The good thing about exercising the back is that it will not only get you in shape but by having a strong back, you can also reduce and/or even alleviate back pain. And when it comes to big backs, no one knows more about the subject than James Middleton, ex-professional rugby player and health coach, who compiled this back home workout for the readers of T3.
These back exercises use very little equipment – you can use resistance bands, a yoga mat and a pair of dumbbells if you want – and work both the upper and lower back. It's very important to work both parts of the back because the upper back might make you look more buff, strong lower back muscles can help improve posture and reduce back pain so you can sit and sleep better.
While you are at it, check out James' Instagram channel (opens in new tab) where you'll find daily workouts and loads more topless images of him (for inspiration).

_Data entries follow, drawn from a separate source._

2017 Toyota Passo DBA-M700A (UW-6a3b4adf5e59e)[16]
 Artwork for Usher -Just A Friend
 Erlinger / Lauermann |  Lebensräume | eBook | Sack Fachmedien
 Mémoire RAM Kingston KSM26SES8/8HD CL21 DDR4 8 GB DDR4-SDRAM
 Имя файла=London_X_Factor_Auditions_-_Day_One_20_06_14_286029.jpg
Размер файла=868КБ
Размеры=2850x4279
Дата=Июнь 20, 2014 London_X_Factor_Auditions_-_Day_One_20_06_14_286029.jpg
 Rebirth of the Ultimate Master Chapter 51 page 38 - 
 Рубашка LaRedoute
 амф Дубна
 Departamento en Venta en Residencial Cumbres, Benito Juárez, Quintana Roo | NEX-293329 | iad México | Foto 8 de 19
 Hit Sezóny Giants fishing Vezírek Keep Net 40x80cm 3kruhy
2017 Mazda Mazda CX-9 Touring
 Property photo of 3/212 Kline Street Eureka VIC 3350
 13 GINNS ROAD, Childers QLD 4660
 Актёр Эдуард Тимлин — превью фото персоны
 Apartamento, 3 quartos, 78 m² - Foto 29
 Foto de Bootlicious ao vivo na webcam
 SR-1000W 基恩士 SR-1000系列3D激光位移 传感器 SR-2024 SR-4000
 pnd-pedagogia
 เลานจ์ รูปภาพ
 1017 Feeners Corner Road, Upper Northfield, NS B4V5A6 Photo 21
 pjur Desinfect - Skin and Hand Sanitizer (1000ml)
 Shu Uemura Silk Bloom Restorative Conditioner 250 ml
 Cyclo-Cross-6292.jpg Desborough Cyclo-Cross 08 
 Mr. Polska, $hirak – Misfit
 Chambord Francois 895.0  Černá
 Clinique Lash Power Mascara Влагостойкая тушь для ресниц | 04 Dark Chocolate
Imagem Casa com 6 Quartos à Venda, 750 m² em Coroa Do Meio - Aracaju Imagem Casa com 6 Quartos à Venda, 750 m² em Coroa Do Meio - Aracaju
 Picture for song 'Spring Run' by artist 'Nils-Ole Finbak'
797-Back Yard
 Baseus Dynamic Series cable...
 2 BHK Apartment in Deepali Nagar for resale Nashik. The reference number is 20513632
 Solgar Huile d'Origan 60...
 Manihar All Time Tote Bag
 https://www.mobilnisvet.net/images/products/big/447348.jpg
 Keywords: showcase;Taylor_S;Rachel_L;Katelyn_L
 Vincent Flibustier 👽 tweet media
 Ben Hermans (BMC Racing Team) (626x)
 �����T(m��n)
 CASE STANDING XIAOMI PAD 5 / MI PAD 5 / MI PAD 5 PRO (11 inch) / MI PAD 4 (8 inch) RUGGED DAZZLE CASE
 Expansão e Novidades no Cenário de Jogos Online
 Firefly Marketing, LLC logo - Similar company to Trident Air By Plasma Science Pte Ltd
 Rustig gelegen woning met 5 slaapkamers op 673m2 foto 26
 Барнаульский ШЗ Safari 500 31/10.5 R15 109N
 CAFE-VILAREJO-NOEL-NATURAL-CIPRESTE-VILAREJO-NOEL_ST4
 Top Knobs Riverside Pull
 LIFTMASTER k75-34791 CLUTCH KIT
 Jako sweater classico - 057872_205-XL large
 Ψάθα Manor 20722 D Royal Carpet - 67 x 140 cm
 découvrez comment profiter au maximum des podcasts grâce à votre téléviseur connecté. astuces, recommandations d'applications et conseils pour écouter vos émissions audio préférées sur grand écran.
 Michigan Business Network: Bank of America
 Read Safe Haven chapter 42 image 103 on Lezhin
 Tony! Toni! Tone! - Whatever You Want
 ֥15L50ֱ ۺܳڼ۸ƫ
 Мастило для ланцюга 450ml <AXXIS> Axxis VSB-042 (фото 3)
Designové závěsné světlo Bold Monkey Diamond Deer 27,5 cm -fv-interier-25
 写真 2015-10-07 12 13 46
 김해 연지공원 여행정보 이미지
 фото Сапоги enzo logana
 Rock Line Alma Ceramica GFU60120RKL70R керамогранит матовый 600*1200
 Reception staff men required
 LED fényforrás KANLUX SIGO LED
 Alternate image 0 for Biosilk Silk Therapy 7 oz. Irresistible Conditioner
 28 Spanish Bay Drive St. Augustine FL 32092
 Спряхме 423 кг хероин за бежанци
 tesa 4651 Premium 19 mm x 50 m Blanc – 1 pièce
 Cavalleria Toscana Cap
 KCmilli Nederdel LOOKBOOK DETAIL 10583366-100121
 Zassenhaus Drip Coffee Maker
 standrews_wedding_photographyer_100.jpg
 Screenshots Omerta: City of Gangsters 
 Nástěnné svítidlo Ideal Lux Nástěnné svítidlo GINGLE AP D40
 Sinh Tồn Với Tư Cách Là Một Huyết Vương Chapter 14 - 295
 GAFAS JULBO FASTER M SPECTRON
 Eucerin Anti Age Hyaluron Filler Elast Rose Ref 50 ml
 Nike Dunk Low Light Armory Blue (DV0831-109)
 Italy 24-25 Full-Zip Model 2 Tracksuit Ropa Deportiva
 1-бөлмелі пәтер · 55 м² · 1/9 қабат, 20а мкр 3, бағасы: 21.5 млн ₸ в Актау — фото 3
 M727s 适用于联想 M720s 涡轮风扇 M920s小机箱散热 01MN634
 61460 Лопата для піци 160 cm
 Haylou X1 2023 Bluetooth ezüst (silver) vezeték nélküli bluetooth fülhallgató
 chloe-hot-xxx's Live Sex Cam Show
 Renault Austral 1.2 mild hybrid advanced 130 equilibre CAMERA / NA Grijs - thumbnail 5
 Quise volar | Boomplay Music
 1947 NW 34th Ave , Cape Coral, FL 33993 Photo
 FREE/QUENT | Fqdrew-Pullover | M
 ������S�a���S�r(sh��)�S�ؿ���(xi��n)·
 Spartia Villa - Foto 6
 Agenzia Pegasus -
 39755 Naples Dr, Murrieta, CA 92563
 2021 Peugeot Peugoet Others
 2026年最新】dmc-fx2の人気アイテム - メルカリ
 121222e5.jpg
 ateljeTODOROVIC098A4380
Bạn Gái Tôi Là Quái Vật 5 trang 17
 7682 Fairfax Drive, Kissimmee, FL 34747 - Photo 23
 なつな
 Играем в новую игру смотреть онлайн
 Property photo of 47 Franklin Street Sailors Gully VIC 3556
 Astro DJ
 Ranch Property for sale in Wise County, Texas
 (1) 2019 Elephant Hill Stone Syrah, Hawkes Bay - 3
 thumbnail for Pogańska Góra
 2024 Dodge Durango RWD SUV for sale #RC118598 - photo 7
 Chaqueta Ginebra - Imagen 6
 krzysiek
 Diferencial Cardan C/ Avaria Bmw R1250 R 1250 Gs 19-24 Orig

Best home back workout with James Middleton
An effective workout is all about control and tempo. You won't build muscles quicker by jerking the weights back and forth quicker, if anything, you'll get yourself injured and demotivated fast that way. James says "the key is in the control we have over the movements, the more effectively we are using our muscles. The longer our muscles are under tension, the more they are working and stronger they will become."
Another often forgotten aspect of working out is correct breathing. Breathing correctly while exercising can help you perform better and also pace yourself more efficiently: "generally speaking you always want to be inhaling and filling the body with oxygen on the eccentric phase of the movement (e.g. the lowering phase of a squat for example) and then exhaling on the concentric phase when the muscles contract again (e.g. the standing up phase of a squat)" suggests James.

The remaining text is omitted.